Jo ask me before when is my last date with Mike.
Well, I told her: " I think definately more than few weeks."
We often met after school to go home or have dinner after that.

Few nights ago, we meet to talk about feeling.
I talked to him all about my school problems.
In the end, he make me feel that I am a stupid.
In fact at the moment I really hope he can embrace me or console me out, but, things don't turn out that way.
Sigh
Is it true that the longer a couple been together, the more we treat things as part of life, such as feeling?
Recently, he make me feel that for him having a relationship dun seen important anymore as he can prefer to be alone without friends, I think same to relationship. Isn't it?

Well, I wander does blogging consider part of cowardity?
Coward to express all the doubtful feeling?
Coward to face the reality?
Coward to etc?

I think so, right?

Now, I don't know how to express all my feeling and what I am thinking to him.
I am really afraid that things turn out to be a cold shoulder.
This will make me feel that I am so silly.
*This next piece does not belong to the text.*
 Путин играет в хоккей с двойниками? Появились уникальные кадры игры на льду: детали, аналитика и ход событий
I wanna say: " I still miss you badly darling!"
____________________________________________________________________
P.s: God please bless me all the best, and lessen my stress plz as I really hate it =(

Wednesday, 4 June 2008 { 12:40 }

Hi bloggy.
Back to blog here.
I seriously hate what I am suffering from.
Life had change dramatically. I am wandering entering a polytechnic is a good or bad thing for me.
What do you think?
Studying all those stuff is really what i persue for?
I been asking myself, but i still don't know how and why.
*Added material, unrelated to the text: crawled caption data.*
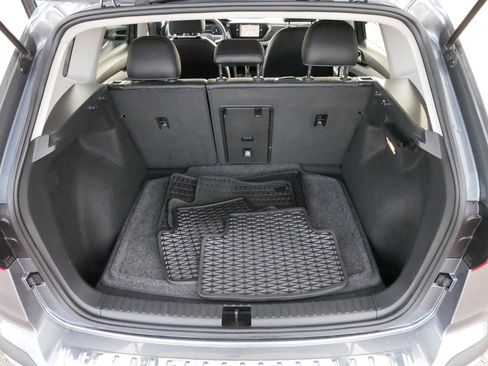 Certified 2023 Volkswagen Taos SEL image 18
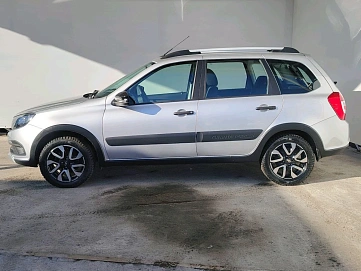 Lada (ВАЗ) , 2023г., передний привод, механика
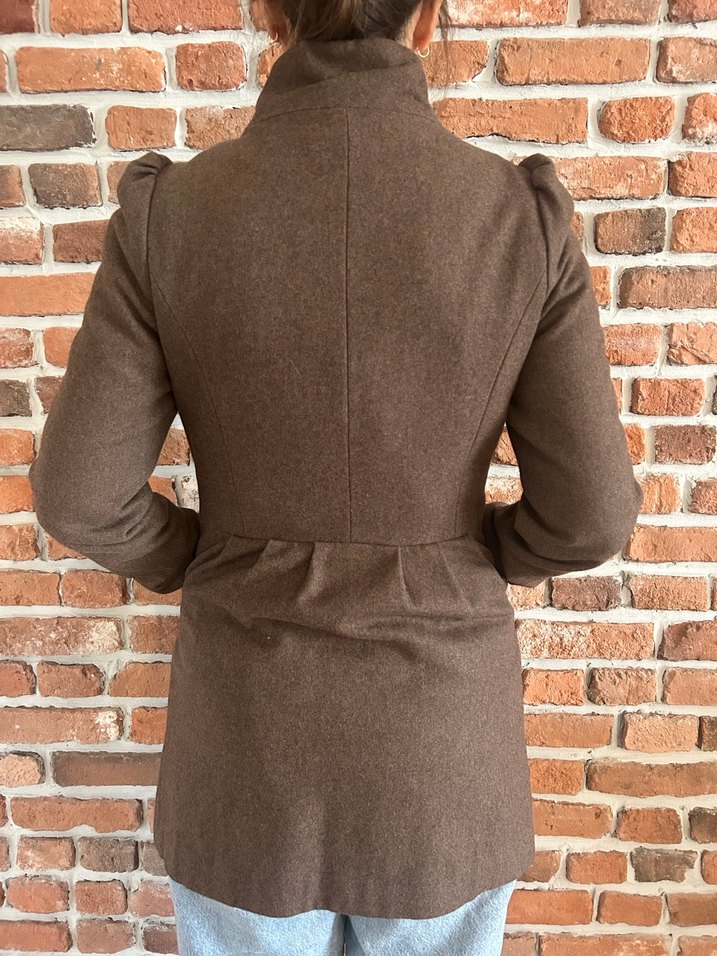 Kahverengi Çift Düğmeli Kaban - Görsel 3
My cloud seen dark ever seen the day it started.
I am being hardly hitted by the heavy loads.
Iam badly broken down into pieces now.
Crying in despair and suffering from depression, I am really badly stress.
I feel like smoking out, really.
I wanna be feel release by the environment and pressure.
How will i be able to face it.
I don't want to face the reality now, as i hate it.
My life and days is Sux!


Tuesday, 3 June 2008 { 19:56 }

Back to blog here!!!
Well, i am feeling damn stress in Polytechnic..
Sigh!
I hate my life, badly!!!
Many project coming up and going to due soon....
Shit it, damn it!
Exam exam exam also, how?
Candy going to die this time round.. I hate it la...

Well, I will stay strong and move on OK!
I must trust myself =)


well, darling I miss you badly ok!!!Our life seen so busy now ='(still love YOU!